▸ Task
Type out the lines below exactly, pictures excluded.

(Records from a data collection)
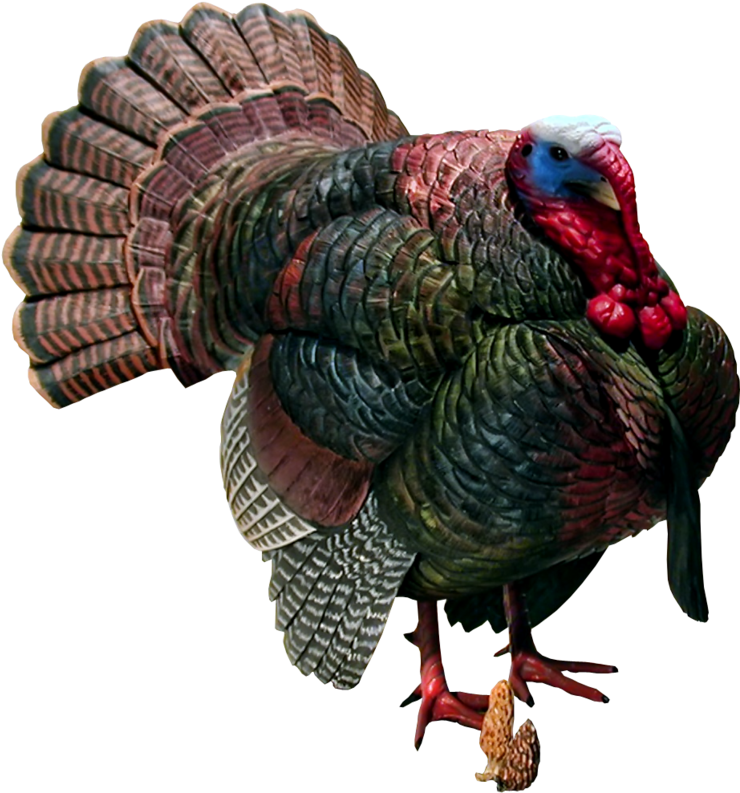 Wild Turkey Png - Turkey Png (837x955), Png Download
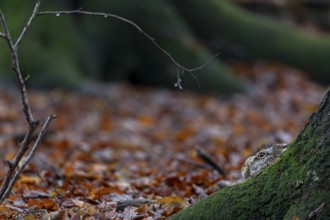 Only a part of the head of the European hare (Lepus europaeus) protrudes above the tree root,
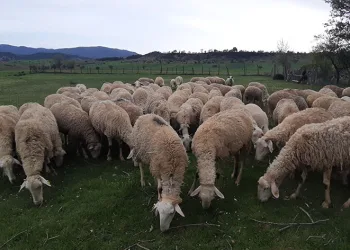 Havaların ısınmasıyla küçükbaş hayvanlar meralara çıkmaya başladı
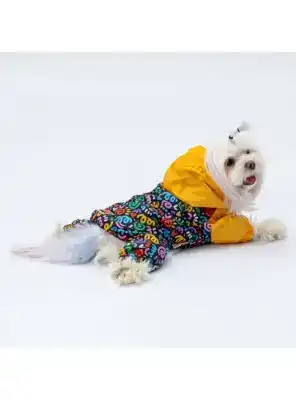 Paw Star 24508 Ferrara Tulum Yağmurluk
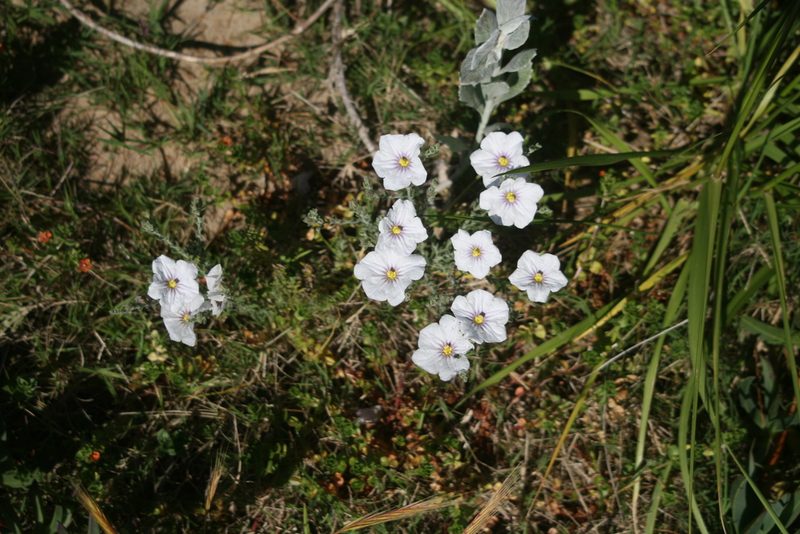 Nierembergia ericoides, photographed by Cecilia Pombo Posente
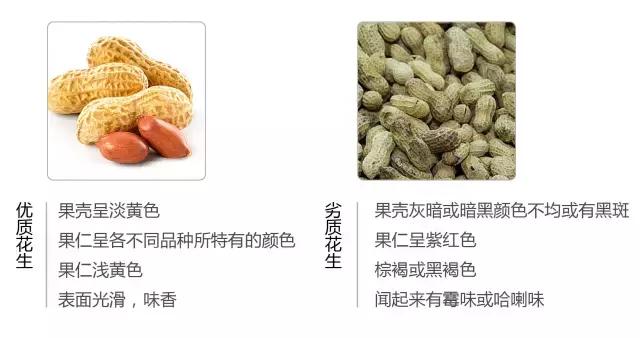 角瓜子的营养价值有哪些，角瓜有什么营养价值（究竟怎么选才能买到安全又健康的坚果）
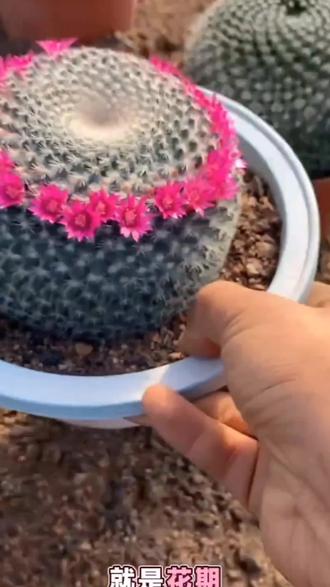 头戴花环的仙人球你见过吗?它就是玉翁仙人球,冬春或夏季球顶会开一圈小花朵,像是戴了花环,非常漂亮,圆滚滚的球体裹着细密白绒毛,又萌又可爱。皮实好养,多晒太阳少浇水,好看好养的懒人绿植。#仙人球 #爱生活爱养花 #花卉绿植 #用多肉治愈生活 #多肉植物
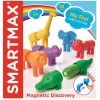 SmartMax SMX220 My First Safari Animals -Beste Speelgoed Winkel smartmax smx 220 my first safari animals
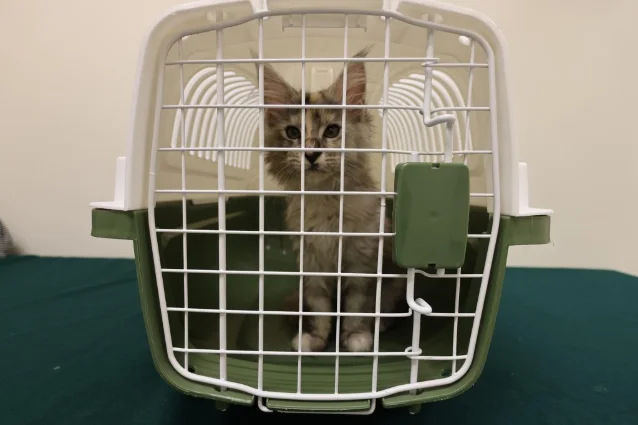 香港海关截获活猫现场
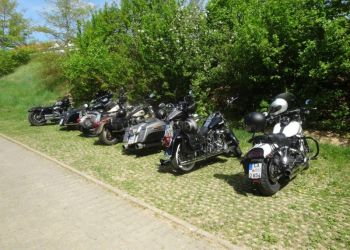 phoca thumb l dsc00487 gro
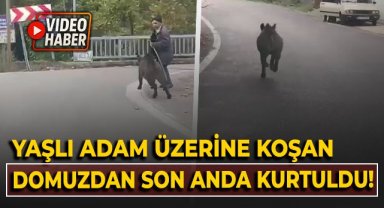 Yaşlı adam, üzerine koşan domuzdan son anda kurtuldu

▸ Exercise response
 Wild Turkey Png - Turkey Png (837x955), Png Download
 Only a part of the head of the European hare (Lepus europaeus) protrudes above the tree root,
 Havaların ısınmasıyla küçükbaş hayvanlar meralara çıkmaya başladı
 Paw Star 24508 Ferrara Tulum Yağmurluk
 Nierembergia ericoides, photographed by Cecilia Pombo Posente
 角瓜子的营养价值有哪些，角瓜有什么营养价值（究竟怎么选才能买到安全又健康的坚果）
 头戴花环的仙人球你见过吗?它就是玉翁仙人球,冬春或夏季球顶会开一圈小花朵,像是戴了花环,非常漂亮,圆滚滚的球体裹着细密白绒毛,又萌又可爱。皮实好养,多晒太阳少浇水,好看好养的懒人绿植。#仙人球 #爱生活爱养花 #花卉绿植 #用多肉治愈生活 #多肉植物
 SmartMax SMX220 My First Safari Animals -Beste Speelgoed Winkel smartmax smx 220 my first safari animals
 香港海关截获活猫现场
 phoca thumb l dsc00487 gro
 Yaşlı adam, üzerine koşan domuzdan son anda kurtuldu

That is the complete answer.